Wright Investors' Service Holdings, Inc.
- Formerly: National Patent Development Corporation
- Company type: Holding company
- Industry: Investments
- Founded: 1960; 65 years ago
- Founders: Martin Pollak and Jerome Feldman
- Headquarters: Shelton, Connecticut, United States
- Products: Investing in inventions and patents and developing them
- Website: www.wrightinvestorsservice.com

= Wright Investors' Service Holdings, Inc. =

Wright Investors' Service Holdings, formerly National Patent Development Corporation, is a United States private company (a Delaware corporation headquartered in Mount Kisco, New York) which is primarily a shell company. The initial aim was to invest in inventions and patents made in the USSR and other Eastern Bloc countries and commercialise them in the United States.

== History ==
National Patent Development Corporation (NPD) was based in New York City founded in 1959 by lawyers Martin Pollak and Jerome Feldman. It was incorporated in Delaware.

In 1961 Feldman and Pollak wrote a letter to Nikita Khrushchev proposing to buy US rights to inventions made in the USSR. The Soviet leadership agreed to cooperate and after three weeks in the USSR, NPD experts conferred with around 250 Soviet specialists and ultimately won patent rights to 14 inventions to be marketed in the United States by signing an agreement with Amtorg.

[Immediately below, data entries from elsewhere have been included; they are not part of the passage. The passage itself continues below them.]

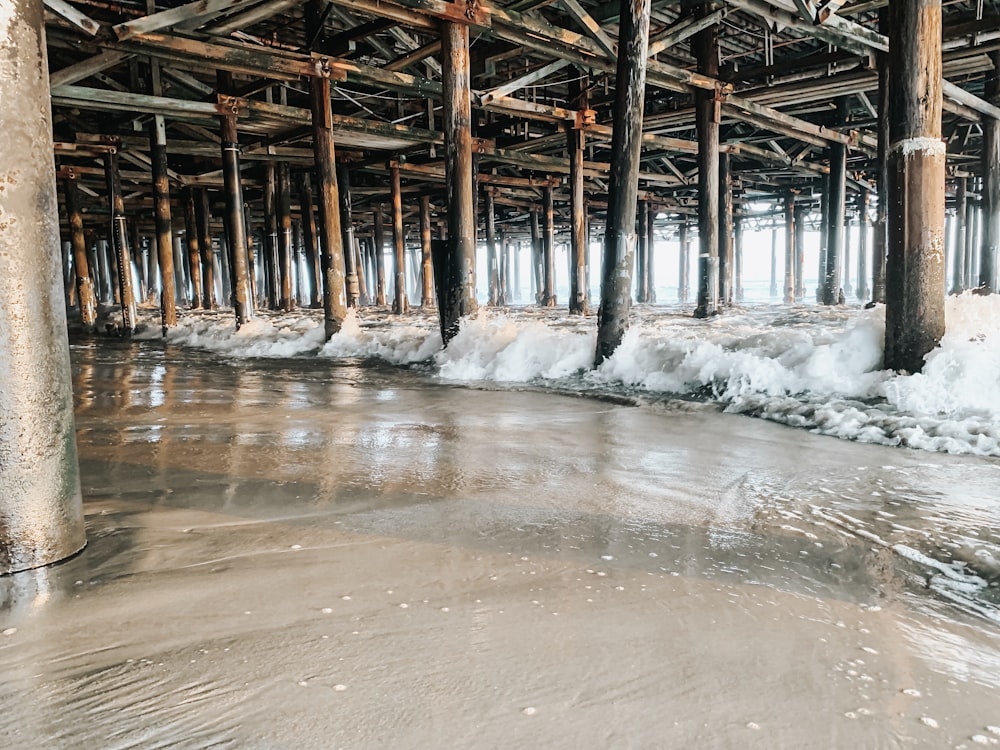 brown bridge on seashore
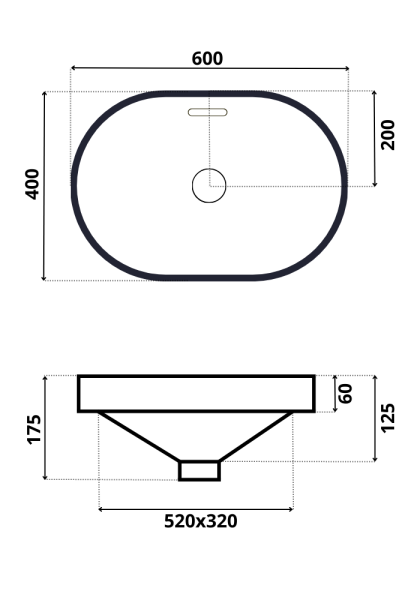 Умывальник RoxenBath Batt 570155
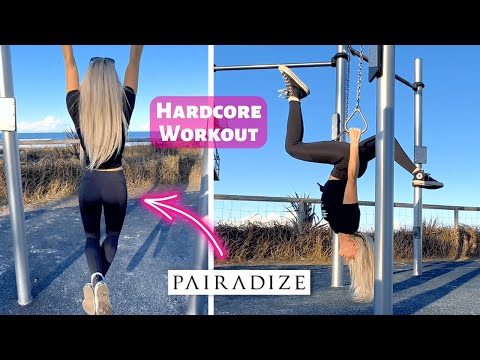 Hardcore Outdoor Workout On Bars By the Beach Wearing Pairadize Leggings | Outdoor Training in 4k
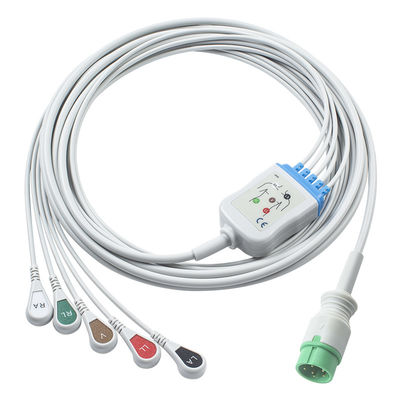 Grigio Compatibile IVY 5Lead Cable ECG AHA Snap 1m 3,0 diametro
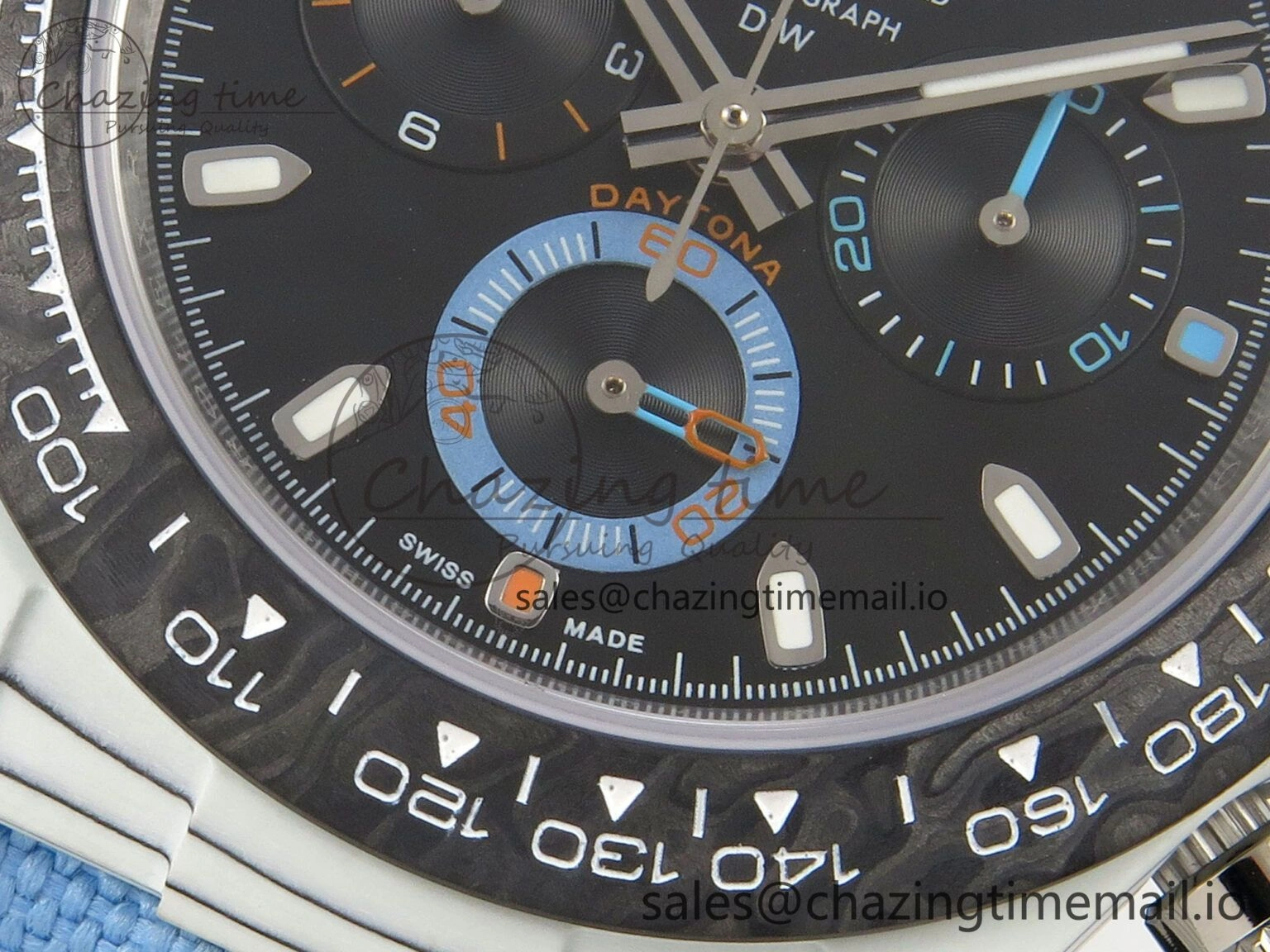Trendy Daytona DIW Carbon Case and Bezel DIWF Edition Black Dial on Blue Nylon Strap A 71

Using their Soviet connections, NPD then made inquiries in other Eastern bloc countries. In Czechoslovakia they met Otto Wichterle, the inventor of modern soft contact lenses. Then NPD bought the American rights to produce the lenses and sublicensed them to Bausch & Lomb which started to manufacture them in the USA.

In 1983, shares in National Patent Development reached $120, but sank to $48 in 1996. During the 1980s, the company had borrowed heavily to invest in products that were unsuccessful.

On December 19, 2012, NPD completed the merger of a wholly owned subsidiary of the company with and into The Winthrop Corporation.

In 2013, NPD renamed itself to Wright Investors' Service Holdings, Inc.

On July 17, 2018, Wright Investors' Service Holdings, Inc. (WISH) sold 100% of the issued and outstanding common stock of The Winthrop Corporation (Winthrop), a wholly owned subsidiary of WISH, to Khandwala Capital Management, Inc. Winthrop, through its wholly owned subsidiary Wright Investors' Service, Inc., is an investment management and financial advisory firm.

Wright Investors' Service Holdings has repeatedly offered to cede ownership of five dams in Connecticut, most recently to the town of Killingly, Connecticut in 2020. Some of the dams are over 200 years old. The state of Connecticut had refused to take over the dams six years prior, due to the projected repair and maintenance costs.